Well, not that anyone should be surprised that Iran is thumbing their nose at the toothless UN and the IAEA, but they have removed the seals on their uranium enrichment facility. They are expected to resume the uranium enrichment process shortly, a key step in the production of nuclear weapons. Just to remind some folks that out of the many reasons cited in the congressional authority to go to war with Iraq, one of them was to enforce UN resolutions that were currently being disobeyed and ignored. After all, diplomacy is useless without the credible threat of force to back it up. It’s all very common sense stuff and is one the main reasons why the UN is such a laughable institution these days. They can issue proclamation after proclamation, but if the UN isn’t willing to do anything to actually enforce them, it shouldn’t come as a surprise when certain players tell the UN in their most eloquent, diplomatic speech to “eat a dick.”

I hate to compare international relations with rogue countries to child rearing, but if a kid keeps disobeying their parent that only threatens punishment, but never actually comes through with it, that kid is going to do whatever the hell he or she wants to do. It’s when you take off the belt and put it to their ass that your wishes as a parent are obeyed with respect and fear. Some parts of this article are just laughable.

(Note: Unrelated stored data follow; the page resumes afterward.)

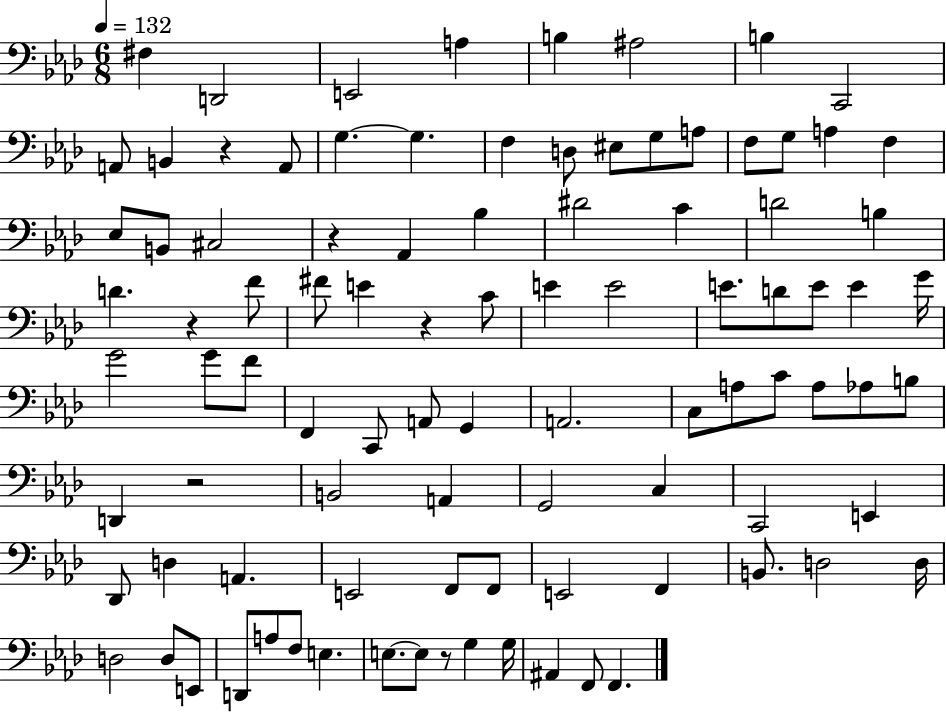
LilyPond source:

{
  \clef bass
  \numericTimeSignature
  \time 6/8
  \key aes \major
  \tempo 4 = 132
  fis4 d,2 | e,2 a4 | b4 ais2 | b4 c,2 | \break a,8 b,4 r4 a,8 | g4.~~ g4. | f4 d8 eis8 g8 a8 | f8 g8 a4 f4 | \break ees8 b,8 cis2 | r4 aes,4 bes4 | dis'2 c'4 | d'2 b4 | \break d'4. r4 f'8 | fis'8 e'4 r4 c'8 | e'4 e'2 | e'8. d'8 e'8 e'4 g'16 | \break g'2 g'8 f'8 | f,4 c,8 a,8 g,4 | a,2. | c8 a8 c'8 a8 aes8 b8 | \break d,4 r2 | b,2 a,4 | g,2 c4 | c,2 e,4 | \break des,8 d4 a,4. | e,2 f,8 f,8 | e,2 f,4 | b,8. d2 d16 | \break d2 d8 e,8 | d,8 a8 f8 e4. | e8.~~ e8 r8 g4 g16 | ais,4 f,8 f,4. | \break \bar "|."
}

If the regime in Iran continues on the current course and fails to abide by its international obligations there is no other choice but to refer the matter to the Security Council,” said White House press secretary Scott McClellan.

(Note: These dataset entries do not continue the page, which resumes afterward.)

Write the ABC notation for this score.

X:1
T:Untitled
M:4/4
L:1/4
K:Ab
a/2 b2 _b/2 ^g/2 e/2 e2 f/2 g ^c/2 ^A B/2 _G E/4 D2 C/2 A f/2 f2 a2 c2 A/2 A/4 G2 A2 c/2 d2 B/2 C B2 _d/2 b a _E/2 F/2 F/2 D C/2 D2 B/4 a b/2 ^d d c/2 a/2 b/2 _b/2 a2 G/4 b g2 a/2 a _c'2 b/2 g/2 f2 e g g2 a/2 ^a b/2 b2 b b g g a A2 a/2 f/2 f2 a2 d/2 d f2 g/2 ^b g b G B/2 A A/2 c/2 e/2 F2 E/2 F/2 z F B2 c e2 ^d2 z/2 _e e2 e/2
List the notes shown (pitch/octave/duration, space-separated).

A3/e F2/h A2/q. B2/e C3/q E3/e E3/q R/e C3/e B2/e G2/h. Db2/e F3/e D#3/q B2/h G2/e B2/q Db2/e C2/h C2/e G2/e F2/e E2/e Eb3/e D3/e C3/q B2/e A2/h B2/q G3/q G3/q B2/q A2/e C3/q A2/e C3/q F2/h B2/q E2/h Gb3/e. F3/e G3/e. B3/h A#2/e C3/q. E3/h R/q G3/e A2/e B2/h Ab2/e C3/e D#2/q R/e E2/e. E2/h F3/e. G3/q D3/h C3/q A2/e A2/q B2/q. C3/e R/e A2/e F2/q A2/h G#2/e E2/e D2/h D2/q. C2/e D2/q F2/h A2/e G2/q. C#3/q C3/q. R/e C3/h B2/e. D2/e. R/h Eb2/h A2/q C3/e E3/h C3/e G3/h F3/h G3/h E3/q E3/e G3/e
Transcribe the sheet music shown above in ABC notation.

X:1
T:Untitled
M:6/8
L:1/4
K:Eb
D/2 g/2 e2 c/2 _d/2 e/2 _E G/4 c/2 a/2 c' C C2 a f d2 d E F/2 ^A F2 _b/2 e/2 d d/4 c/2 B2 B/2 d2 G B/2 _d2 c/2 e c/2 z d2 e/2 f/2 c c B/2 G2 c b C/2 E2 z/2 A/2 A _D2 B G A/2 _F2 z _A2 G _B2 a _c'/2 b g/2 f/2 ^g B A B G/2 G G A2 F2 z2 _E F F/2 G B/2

Oh no, not the Security Council!!!!!! That’s scary!!! (This part reminds me of a scene from “A Fistfull of Yen,” the movie within the movie of Kentucky Fried Movie. Mr. Craw’s threats of torture are taken in stride by one of the prisoners, but it isn’t until he commands that the prisoner be sent to Detroit that the prisoner freaks out and starts screaming “NOOOOO!!!!!” Funny stuff.)
Seriously, who cares; they aren’t going to do anything. In fact, although telling you this will reveal my true nature as a psychic, I can tell you exactly what will happen if it even gets that far. The US or the UK will propose some harsh sanctions to slap on Iran. Five seconds later, either the Chinese or the Russians will Veto it. It’s amazing how principled you can be against nuclear proliferation with huge defense and oil contracts involved. We are almost back to the old days when we were fighting proxy wars. In the last year alone, we sold a ton of bunker buster type bombs to Isreal. (Psst – it’s not for the Palestinians; they tend not to have hardened structures). Russia has been selling lots of SAM batteries to Iran. China is supplying a lot of SAM missiles. Gee, I wonder what all this is about. Sheesh.

More from the article:

The move drew an immediate outcry from Europe and Japan as well as Washington as the reopening of the Natanz facility was seen as defiance of demands that Iran maintain a freeze on its nuclear program.

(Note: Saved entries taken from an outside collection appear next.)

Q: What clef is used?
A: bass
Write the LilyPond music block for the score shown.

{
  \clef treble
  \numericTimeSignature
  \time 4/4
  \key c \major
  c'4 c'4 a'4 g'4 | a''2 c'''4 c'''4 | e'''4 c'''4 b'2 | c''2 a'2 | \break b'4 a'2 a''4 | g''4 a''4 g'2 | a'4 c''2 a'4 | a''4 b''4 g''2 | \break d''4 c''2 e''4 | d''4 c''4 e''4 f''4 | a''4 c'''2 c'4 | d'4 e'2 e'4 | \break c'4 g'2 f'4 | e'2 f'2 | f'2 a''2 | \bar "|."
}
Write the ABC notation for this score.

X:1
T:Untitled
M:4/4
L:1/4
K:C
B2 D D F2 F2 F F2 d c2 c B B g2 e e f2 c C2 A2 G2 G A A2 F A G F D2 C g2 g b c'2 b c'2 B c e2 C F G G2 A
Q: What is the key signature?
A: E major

Instead of drawing an immediate outcry, how about “The move drew an immediate salvo of cruise missiles from destroyers and submarines in the gulf, followed by round the clock aerial bombing from carrier based jets.” That sounds a lot better, don’t you think?
The worst part of all of this, is that the clock has been ticking for the entire past two years, and we still aren’t even close to being serious with them. Well, I’m done with this, but let’s close with the lines from Team America: World Police:

Kim Jong Il: Hans Brix? Oh no! Oh, herro. Great to see you again, Hans!
Hans Blix: Mr. Il, I was supposed to be allowed to inspect your palace today, but your guards won’t let me enter certain areas.
Kim Jong Il: Hans, Hans, Hans! We’ve been frew this a dozen times. I don’t have any weapons of mass destwuction, OK Hans?
Hans Blix: Then let me look around, so I can ease the UN’s collective mind. I’m sorry, but the UN must be firm with you. Let me in, or else.
Kim Jong Il: Or else what?
Hans Blix: Or else we will be very angry with you… and we will write you a letter, telling you how angry we are.

You’re breakin’ my balls, Hans! You’re breakin’ my balls.

All I can say is look for an angry letter to written soon!!!!!!